Your assignment -> The lines below must be transcribed exactly as given, with the images removed.

Record excerpts ->
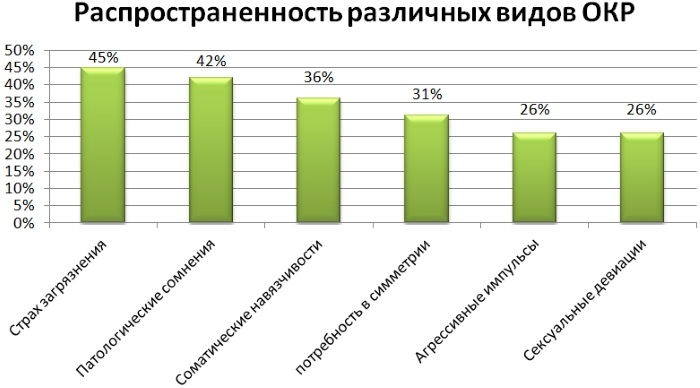 ОКР (это обсессивно-компульсивное расстройство) психическое заболевание. Симптомы и лечение, причины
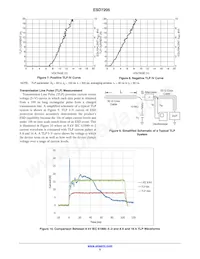 ESD7205WTT1G Datasheet Pagina 5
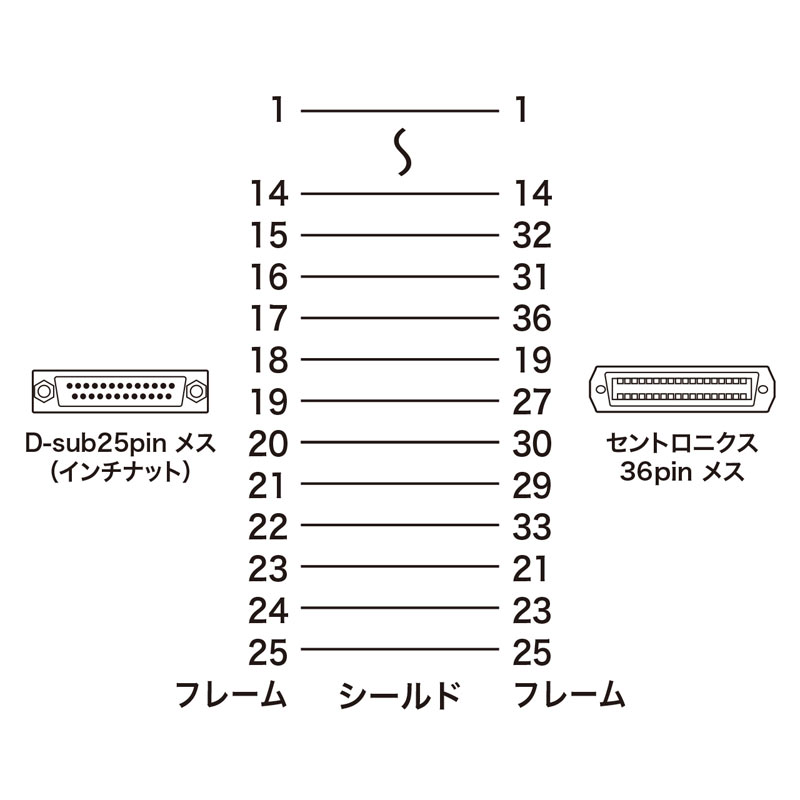 結線図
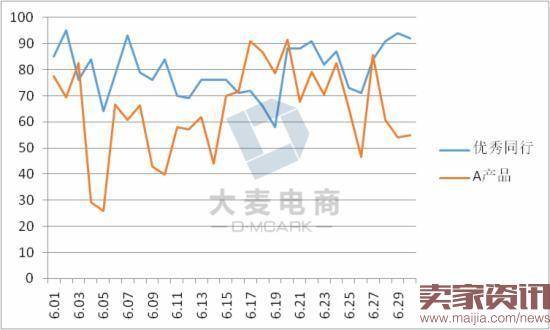 详情页这样设计，好看到爆！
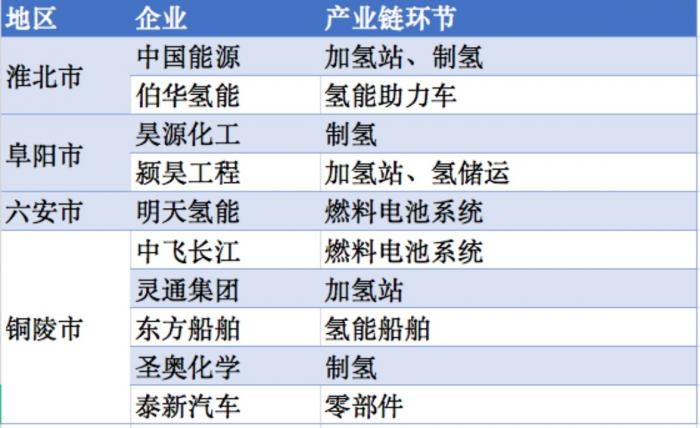 （21世纪经济报道记者整理安徽省部分市涉氢项目）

Response to the task ->
 ОКР (это обсессивно-компульсивное расстройство) психическое заболевание. Симптомы и лечение, причины
 ESD7205WTT1G Datasheet Pagina 5
 結線図
 详情页这样设计，好看到爆！
 （21世纪经济报道记者整理安徽省部分市涉氢项目）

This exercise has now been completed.